Supplied records:

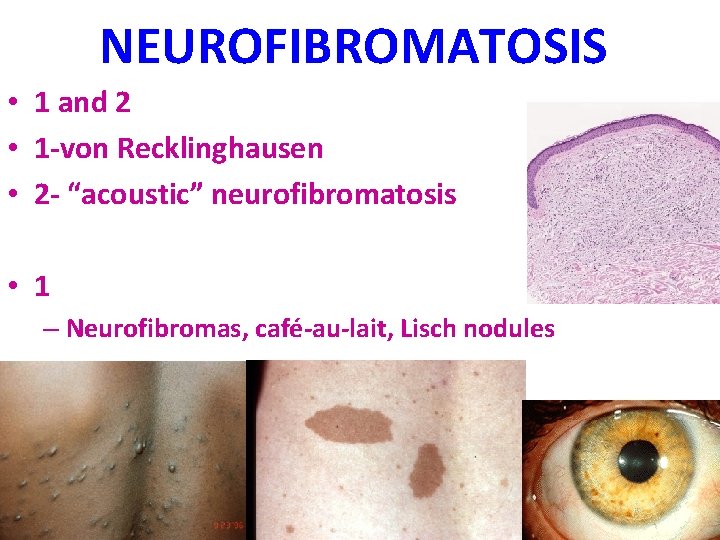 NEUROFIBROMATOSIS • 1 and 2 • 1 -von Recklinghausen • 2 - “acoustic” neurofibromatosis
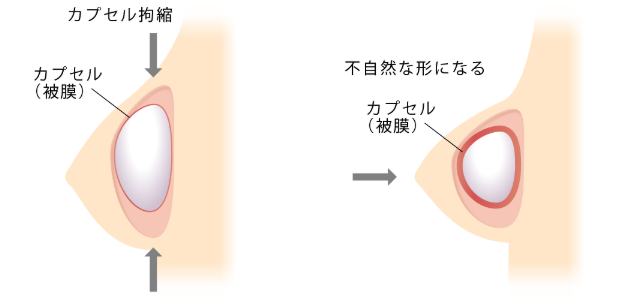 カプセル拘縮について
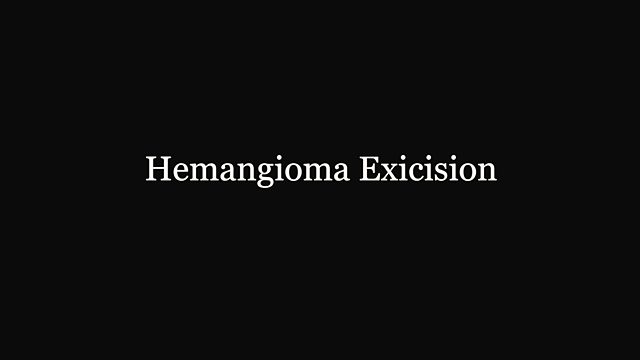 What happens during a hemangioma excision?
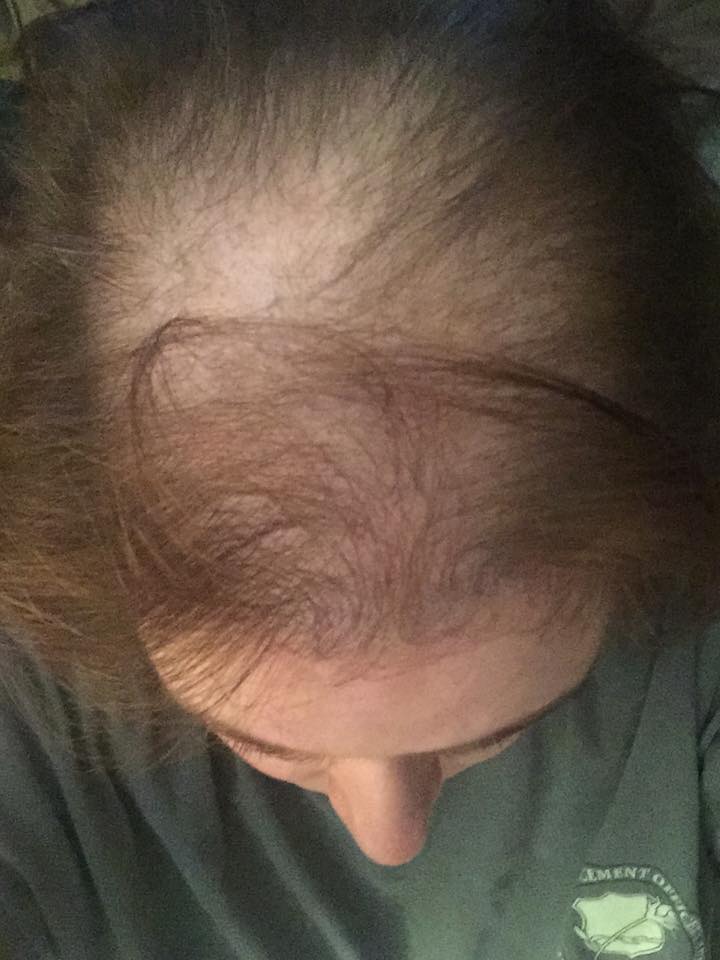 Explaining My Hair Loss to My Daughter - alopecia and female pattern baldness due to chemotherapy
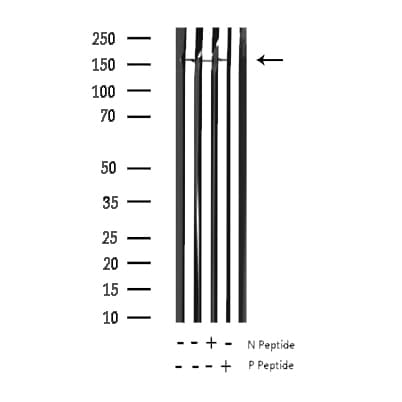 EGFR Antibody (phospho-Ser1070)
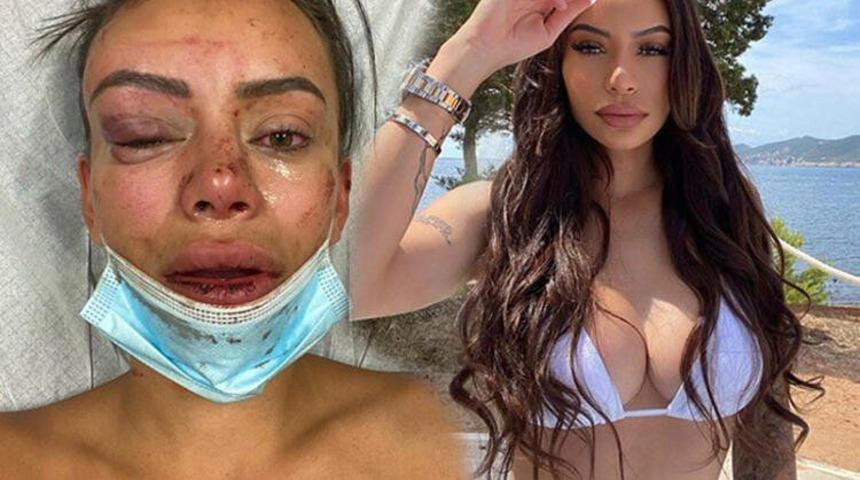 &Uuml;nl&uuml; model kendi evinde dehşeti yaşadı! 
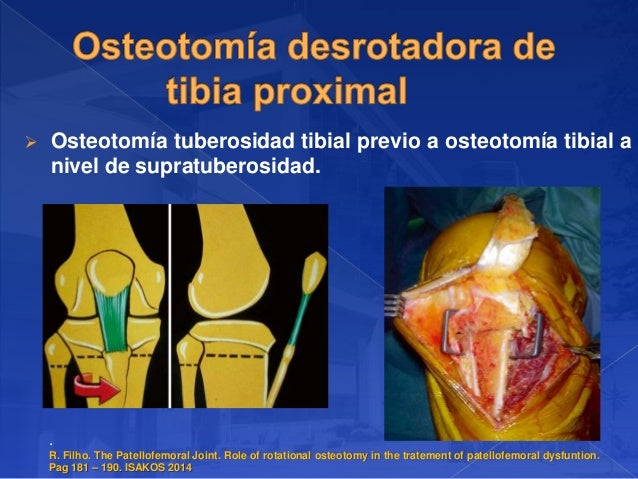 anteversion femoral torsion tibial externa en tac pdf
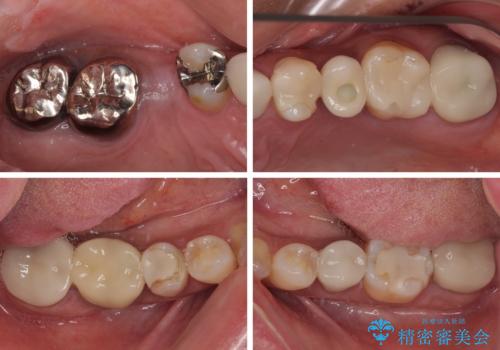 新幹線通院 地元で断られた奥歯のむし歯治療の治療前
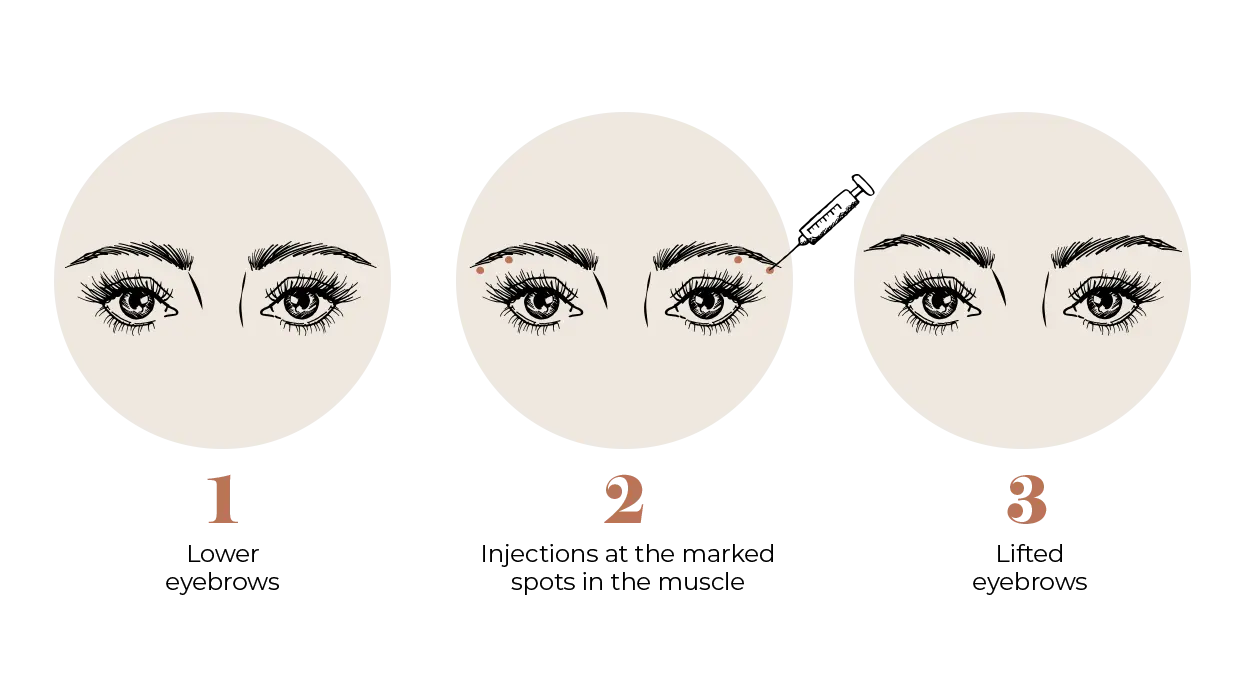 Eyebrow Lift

Problem to solve:
Please give the material above again in full, with no pictures in your version.

Answer for this exercise:
 NEUROFIBROMATOSIS • 1 and 2 • 1 -von Recklinghausen • 2 - “acoustic” neurofibromatosis
 カプセル拘縮について
 What happens during a hemangioma excision?
 Explaining My Hair Loss to My Daughter - alopecia and female pattern baldness due to chemotherapy
 EGFR Antibody (phospho-Ser1070)
 &Uuml;nl&uuml; model kendi evinde dehşeti yaşadı! 
 anteversion femoral torsion tibial externa en tac pdf
 新幹線通院 地元で断られた奥歯のむし歯治療の治療前
 Eyebrow Lift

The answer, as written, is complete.